A primeira seção foi a mais barata e de fácil execução, devido à adequação da topografia pouco acidentada. Tanto que o próprio barão a inaugurou, em 26 de abril de 1860, ao custo de 76:000$000. A segunda, que compreendia o trecho da serra, foi a mais trabalhosa. Contratou-a Bernardo Clemente Pinto (filho do concessionário inicial, falecido em 1869) com o governo da Província, por 2.800:000$000. E a terceira, apesar de mais extensa e cara (custou à empresa 3.426:000$000) foi de execução relativamente fácil, exceto nos trechos Conselheiro Paulino-Riograndina e Cachoeira dos Paulinos (atual Val de Palmas), em Macuco (onde afinal terminou o projeto, em vez de Santa Maria Madalena, conforme o plano inicial).
A segunda seção foi a mais trabalhosa, porque correspondia à serra de Nova Friburgo, numa extensão de apenas 35 quilômetros, mas vencendo rampas de até 9º em aclive e curvas de 34 metros de raio. Era, talvez, a ferrovia mais íngreme do mundo. Iniciados os trabalhos em 25 de março de 1870, somente três anos depois estavam concluídos – o que foi comemorado com um lauto banquete oferecido por Bernardo Clemente Pinto (que, na oportunidade, foi agraciado com o título de 2º Barão de Nova Friburgo) ao Imperador D. Pedro II.
Para subir a acidentada serra, Bernardo (servindo-se do eficiente auxílio do engenheiro Júlio Von Borell) tentou o sistema Fell, com um trilho intermediário servindo de cremalheira, cujos orifícios eram penetrados pelos dentes de uma engrenagem horizontal, debaixo da locomotiva, visando aumentar a impulsão na subida e servir de freio na descida. Para tanto, adquiriu sete locomotivas dotadas desse equipamento, da Estrada de Ferro Mont Cenis, que operava nos Alpes. Mas sem êxito, devido ao grande desgaste de material e ao elevado custo de manutenção. Pelo que acabou adquirindo locomotivas inglesas mais pesadas e que garantiam aderência sem necessidade de garras, conservando o trilho central apenas como instrumento de frenagem, mediante pastilhas.

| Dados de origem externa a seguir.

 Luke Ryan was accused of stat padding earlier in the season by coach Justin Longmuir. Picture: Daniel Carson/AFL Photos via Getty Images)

O fato é que, em 1876, o trem chegou a Cordeiro, de onde foi puxado um ramal para Cantagalo e, em seguida, até o vale do Paraíba. A partir de então, embora ainda não estivesse pronto o edifício da estação, a maior parte da produção cafeeira e, depois, a do leite, além da totalidade do transporte coletivo da região, passaram a ser feitas pela ferrovia.

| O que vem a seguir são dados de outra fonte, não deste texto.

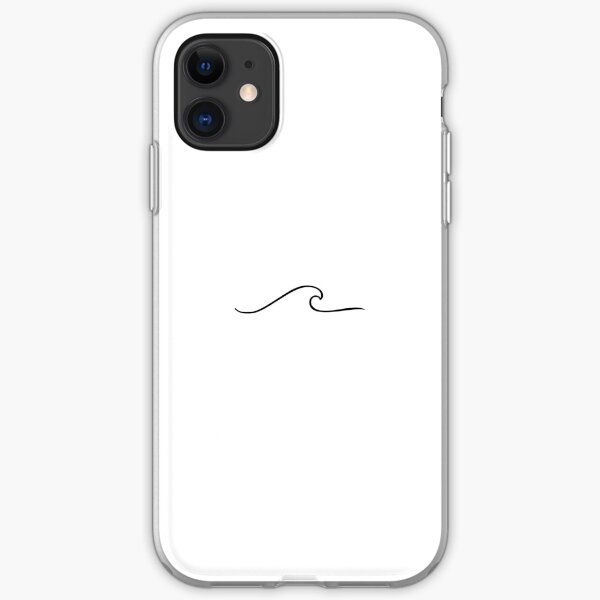 VSCO-Girl Wave Design. iPhone Soft Case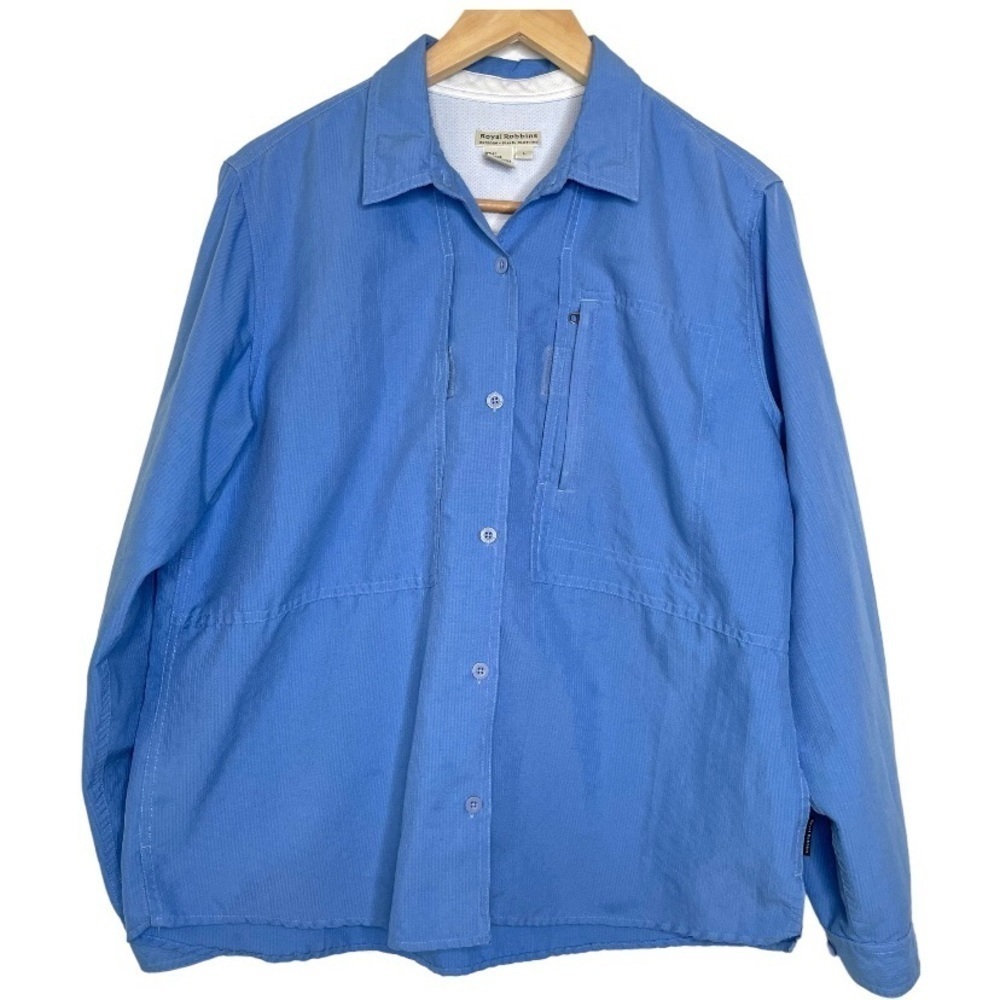 Royal Robbins vented roll tab long sleeve shirt large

Isso, até o advento do transporte rodoviário, implantado cerca de meio século após e que, salvo durante a 2ª Guerra Mundial, fez à ferrovia enorme concorrência.
Vendidos mais tarde os três ramais em que se dividia o trajeto a empresas brasileiras e, depois, à britânica Leopoldina Railway, os serviços ferroviários na região funcionaram regularmente até 1950, quando se deu sua desapropriação em favor da Estrada de Ferro Leopoldina, afinal sucedida pela Rede Ferroviária Federal S/A (RFFSA) e a consequente desativação em 1963.
A partir de então, o transporte de cargas e passageiros ficou a cargo, apenas, de empresas rodoviárias.
*Clélio Erthal é desembargador federal aposentado, pesquisador, escritor e autor de vários livros sobre a história dos municípios da região.